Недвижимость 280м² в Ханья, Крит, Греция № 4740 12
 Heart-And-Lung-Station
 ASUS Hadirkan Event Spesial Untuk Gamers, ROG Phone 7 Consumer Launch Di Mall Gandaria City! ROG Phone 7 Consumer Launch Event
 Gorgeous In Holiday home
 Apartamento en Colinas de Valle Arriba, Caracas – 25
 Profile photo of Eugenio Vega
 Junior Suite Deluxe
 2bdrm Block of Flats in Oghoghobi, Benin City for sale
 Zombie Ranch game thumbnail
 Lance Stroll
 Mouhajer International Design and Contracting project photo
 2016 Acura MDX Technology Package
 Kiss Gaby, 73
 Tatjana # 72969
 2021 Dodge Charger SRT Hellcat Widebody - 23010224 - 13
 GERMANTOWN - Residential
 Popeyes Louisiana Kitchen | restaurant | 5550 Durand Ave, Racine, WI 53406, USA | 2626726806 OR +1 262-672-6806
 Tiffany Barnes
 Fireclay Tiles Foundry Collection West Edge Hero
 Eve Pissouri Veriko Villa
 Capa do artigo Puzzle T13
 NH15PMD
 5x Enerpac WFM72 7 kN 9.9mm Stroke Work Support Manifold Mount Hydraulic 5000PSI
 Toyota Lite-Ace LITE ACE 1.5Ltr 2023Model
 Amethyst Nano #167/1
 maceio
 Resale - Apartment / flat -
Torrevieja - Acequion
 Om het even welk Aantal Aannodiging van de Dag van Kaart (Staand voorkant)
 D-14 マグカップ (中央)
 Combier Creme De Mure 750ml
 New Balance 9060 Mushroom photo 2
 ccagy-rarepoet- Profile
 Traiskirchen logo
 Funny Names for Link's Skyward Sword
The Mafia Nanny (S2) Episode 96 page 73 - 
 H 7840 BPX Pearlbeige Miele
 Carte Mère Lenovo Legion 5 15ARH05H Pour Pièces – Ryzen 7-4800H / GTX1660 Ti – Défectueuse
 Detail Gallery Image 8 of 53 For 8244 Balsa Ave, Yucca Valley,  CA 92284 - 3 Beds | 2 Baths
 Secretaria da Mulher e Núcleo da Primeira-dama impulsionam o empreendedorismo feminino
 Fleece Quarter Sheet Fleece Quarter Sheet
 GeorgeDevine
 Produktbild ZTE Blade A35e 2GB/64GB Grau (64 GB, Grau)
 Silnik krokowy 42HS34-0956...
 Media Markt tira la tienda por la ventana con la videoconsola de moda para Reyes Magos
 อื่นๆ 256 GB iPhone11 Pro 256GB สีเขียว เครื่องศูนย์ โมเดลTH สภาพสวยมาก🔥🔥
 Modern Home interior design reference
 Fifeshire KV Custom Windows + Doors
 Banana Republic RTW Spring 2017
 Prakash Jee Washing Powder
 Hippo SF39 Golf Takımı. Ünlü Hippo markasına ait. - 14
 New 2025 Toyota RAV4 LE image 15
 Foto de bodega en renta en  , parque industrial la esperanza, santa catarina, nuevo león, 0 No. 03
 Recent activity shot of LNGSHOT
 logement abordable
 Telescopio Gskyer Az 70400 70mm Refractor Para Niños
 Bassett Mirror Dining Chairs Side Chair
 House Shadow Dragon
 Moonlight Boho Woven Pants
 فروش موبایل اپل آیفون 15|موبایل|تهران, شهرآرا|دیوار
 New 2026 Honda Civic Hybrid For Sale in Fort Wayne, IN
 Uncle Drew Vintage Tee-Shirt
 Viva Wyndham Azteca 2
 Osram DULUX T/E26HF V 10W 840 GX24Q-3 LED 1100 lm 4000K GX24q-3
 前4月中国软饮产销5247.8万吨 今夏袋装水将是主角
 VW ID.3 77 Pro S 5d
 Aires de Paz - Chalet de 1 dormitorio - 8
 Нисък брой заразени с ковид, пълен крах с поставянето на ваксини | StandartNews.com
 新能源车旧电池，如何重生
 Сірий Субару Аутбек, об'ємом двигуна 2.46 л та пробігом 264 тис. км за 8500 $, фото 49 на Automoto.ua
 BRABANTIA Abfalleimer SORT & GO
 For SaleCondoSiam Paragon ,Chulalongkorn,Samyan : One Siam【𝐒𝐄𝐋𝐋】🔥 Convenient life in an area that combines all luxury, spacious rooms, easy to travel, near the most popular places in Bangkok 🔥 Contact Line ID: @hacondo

______

Every record above must be printed again exactly.

▶ _Your solution_:
Недвижимость 280м² в Ханья, Крит, Греция № 4740 12
 Heart-And-Lung-Station
 ASUS Hadirkan Event Spesial Untuk Gamers, ROG Phone 7 Consumer Launch Di Mall Gandaria City! ROG Phone 7 Consumer Launch Event
 Gorgeous In Holiday home
 Apartamento en Colinas de Valle Arriba, Caracas – 25
 Profile photo of Eugenio Vega
 Junior Suite Deluxe
 2bdrm Block of Flats in Oghoghobi, Benin City for sale
 Zombie Ranch game thumbnail
 Lance Stroll
 Mouhajer International Design and Contracting project photo
 2016 Acura MDX Technology Package
 Kiss Gaby, 73
 Tatjana # 72969
 2021 Dodge Charger SRT Hellcat Widebody - 23010224 - 13
 GERMANTOWN - Residential
 Popeyes Louisiana Kitchen | restaurant | 5550 Durand Ave, Racine, WI 53406, USA | 2626726806 OR +1 262-672-6806
 Tiffany Barnes
 Fireclay Tiles Foundry Collection West Edge Hero
 Eve Pissouri Veriko Villa
 Capa do artigo Puzzle T13
 NH15PMD
 5x Enerpac WFM72 7 kN 9.9mm Stroke Work Support Manifold Mount Hydraulic 5000PSI
 Toyota Lite-Ace LITE ACE 1.5Ltr 2023Model
 Amethyst Nano #167/1
 maceio
 Resale - Apartment / flat -
Torrevieja - Acequion
 Om het even welk Aantal Aannodiging van de Dag van Kaart (Staand voorkant)
 D-14 マグカップ (中央)
 Combier Creme De Mure 750ml
 New Balance 9060 Mushroom photo 2
 ccagy-rarepoet- Profile
 Traiskirchen logo
 Funny Names for Link's Skyward Sword
The Mafia Nanny (S2) Episode 96 page 73 - 
 H 7840 BPX Pearlbeige Miele
 Carte Mère Lenovo Legion 5 15ARH05H Pour Pièces – Ryzen 7-4800H / GTX1660 Ti – Défectueuse
 Detail Gallery Image 8 of 53 For 8244 Balsa Ave, Yucca Valley,  CA 92284 - 3 Beds | 2 Baths
 Secretaria da Mulher e Núcleo da Primeira-dama impulsionam o empreendedorismo feminino
 Fleece Quarter Sheet Fleece Quarter Sheet
 GeorgeDevine
 Produktbild ZTE Blade A35e 2GB/64GB Grau (64 GB, Grau)
 Silnik krokowy 42HS34-0956...
 Media Markt tira la tienda por la ventana con la videoconsola de moda para Reyes Magos
 อื่นๆ 256 GB iPhone11 Pro 256GB สีเขียว เครื่องศูนย์ โมเดลTH สภาพสวยมาก🔥🔥
 Modern Home interior design reference
 Fifeshire KV Custom Windows + Doors
 Banana Republic RTW Spring 2017
 Prakash Jee Washing Powder
 Hippo SF39 Golf Takımı. Ünlü Hippo markasına ait. - 14
 New 2025 Toyota RAV4 LE image 15
 Foto de bodega en renta en  , parque industrial la esperanza, santa catarina, nuevo león, 0 No. 03
 Recent activity shot of LNGSHOT
 logement abordable
 Telescopio Gskyer Az 70400 70mm Refractor Para Niños
 Bassett Mirror Dining Chairs Side Chair
 House Shadow Dragon
 Moonlight Boho Woven Pants
 فروش موبایل اپل آیفون 15|موبایل|تهران, شهرآرا|دیوار
 New 2026 Honda Civic Hybrid For Sale in Fort Wayne, IN
 Uncle Drew Vintage Tee-Shirt
 Viva Wyndham Azteca 2
 Osram DULUX T/E26HF V 10W 840 GX24Q-3 LED 1100 lm 4000K GX24q-3
 前4月中国软饮产销5247.8万吨 今夏袋装水将是主角
 VW ID.3 77 Pro S 5d
 Aires de Paz - Chalet de 1 dormitorio - 8
 Нисък брой заразени с ковид, пълен крах с поставянето на ваксини | StandartNews.com
 新能源车旧电池，如何重生
 Сірий Субару Аутбек, об'ємом двигуна 2.46 л та пробігом 264 тис. км за 8500 $, фото 49 на Automoto.ua
 BRABANTIA Abfalleimer SORT & GO
 For SaleCondoSiam Paragon ,Chulalongkorn,Samyan : One Siam【𝐒𝐄𝐋𝐋】🔥 Convenient life in an area that combines all luxury, spacious rooms, easy to travel, near the most popular places in Bangkok 🔥 Contact Line ID: @hacondo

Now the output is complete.